La Cour était composée de :
Monsieur Olivier BRUE, Président
Madame Anne DAMPFHOFFER, Conseiller
Mme Danielle DEMONT, Conseiller
qui en ont délibéré.
Greffier lors des débats : Mme Agnès SOULIER.
Les parties ont été avisées que le prononcé de la décision aurait lieu par mise à disposition au greffe le 20 Octobre 2020.
ARRÊT
Contradictoire,
Prononcé par mise à disposition au greffe le 20 Octobre 2020,
Signé par Monsieur Olivier BRUE, Président et Mme Agnès SOULIER, greffier auquel la minute de la décision a été remise par le magistrat signataire.
***
EXPOSE :
La SAS Servaux recherche la responsabilité civile de Me Z et de Me B.
Elle expose qu’elle a été condamnée par un arrêt de la cour d’appel du 21 mars 2014 à payer diverses sommes à M X au titre de rappels de salaires et de congés payés ( 149 043,66€ et 14 904,36€) avec intérêts et capitalisation, car elle a été considérée comme son employeur. Elle estime que cette
condamnation est consécutive à la responsabilité de Me Y qui a commis une faute dans le cadre du licenciement de ce dernier et qu’il convient de dire qui de de Me Z ou de Me B doit en répondre, soulignant que le paiement de ces sommes a constitué une augmentation du prix de la cession qu’elle a acquitté pour la reprise de la société mise en procédure collective, la société anonyme Services auxiliaires de l’armement Servaux.

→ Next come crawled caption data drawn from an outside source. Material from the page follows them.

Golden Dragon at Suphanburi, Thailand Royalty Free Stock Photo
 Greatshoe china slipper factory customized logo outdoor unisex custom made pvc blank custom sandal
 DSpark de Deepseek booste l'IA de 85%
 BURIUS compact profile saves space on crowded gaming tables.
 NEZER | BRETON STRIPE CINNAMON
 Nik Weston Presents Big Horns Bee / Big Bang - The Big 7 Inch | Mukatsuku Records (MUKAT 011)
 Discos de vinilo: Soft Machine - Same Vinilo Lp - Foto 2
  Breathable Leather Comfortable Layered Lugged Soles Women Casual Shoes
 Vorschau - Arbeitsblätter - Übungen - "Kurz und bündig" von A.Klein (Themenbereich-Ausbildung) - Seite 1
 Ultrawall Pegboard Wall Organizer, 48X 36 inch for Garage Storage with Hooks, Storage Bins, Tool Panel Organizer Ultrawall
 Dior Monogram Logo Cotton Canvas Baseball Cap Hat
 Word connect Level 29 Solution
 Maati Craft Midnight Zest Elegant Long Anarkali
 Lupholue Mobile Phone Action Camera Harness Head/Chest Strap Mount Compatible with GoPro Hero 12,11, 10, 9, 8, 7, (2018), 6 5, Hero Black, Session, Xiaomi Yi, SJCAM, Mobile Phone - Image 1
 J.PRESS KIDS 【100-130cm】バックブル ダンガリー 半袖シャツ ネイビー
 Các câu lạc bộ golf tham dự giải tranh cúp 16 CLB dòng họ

Le litige ainsi soumis à la cour exige que soient au préalable rappelés les faits ayant conduit aux désignations des divers mandataires ainsi que ceux ayant conduit à la condamnation de la société Servaux envers M X.
La société anonyme Services auxiliaires de l’armement Servaux a fait l’objet le 31 janvier 2000 d’un jugement par le tribunal de Commerce de Marseille prononçant son redressement judiciaire simplifié.
Me Y a été désigné administrateur et Me Astier représentant des créanciers.
Le tribunal de commerce de Marseille par un jugement du 7 juin 2000 a décidé la cession de l’entreprise au profit de M. A et de la société CFM agissant tant en leur nom que pour le compte d’une SAS à constituer en leur donnant acte qu’ils offraient de reprendre 23 contrats de travail et en ordonnant le licenciement du personnel non repris.
La société repreneur sera finalement la SAS Servaux .
Me Y a été nommé commissaire à l’exécution du plan et liquidateur de la société dissoute.
À la suite de son décès en mai 2005, Me Bouet a été nommé commissaire à l’exécution du plan puis également liquidateur amiable.
Me Y ayant fait l’objet d’une procédure judiciaire par suite d’un jugement du 13 juin 2006, Me B a été désigné liquidateur de son étude .
La SCP Bouet Z prise en la personne de Me Bouet, puis la SCP Z et associés en la personne de Me J Z et enfin, la SCP Z et associés en la personne de Me F Z ont respectivement été désignées comme commissaire à l’exécution du plan par des décisions du 5 janvier 2009, du 23 juillet 2014 et du 9 décembre 2015.
S’agissant de la condamnation de la société Servaux et de la situation de M X , celui-ci a donc fait l’objet d’une procédure de licenciement par Me Y alors qu’il avait la qualité de salarié protégé. L’inspecteur a refusé d’autoriser son licenciement et cette décision a été confirmée le 22 décembre 2000 par le ministre de l’emploi.
M X a alors saisi le conseil des prud’hommes, ce qui a donné lieu à la procédure suivante :
— 21 décembre 2007, décision du conseil des prud’hommes condamnant la société anonyme Servaux à lui payer diverses sommes aux titres de rappels de salaires, indemnités de préavis, dommages et intérêts,
— 8 septembre 2009, arrêt de la cour d’appel prononçant la résiliation du contrat de travail aux torts de la société anonyme en fixant la créance du salarié,
— 15 mars 2011, arrêt de la Cour de Cassation censurant la décision de la cour d’appel,
— 21 mars 2014, arrêt de la cour d’appel de renvoi condamnant la SAS Servaux à payer divers rappels de salaires et de congés payés à M. X.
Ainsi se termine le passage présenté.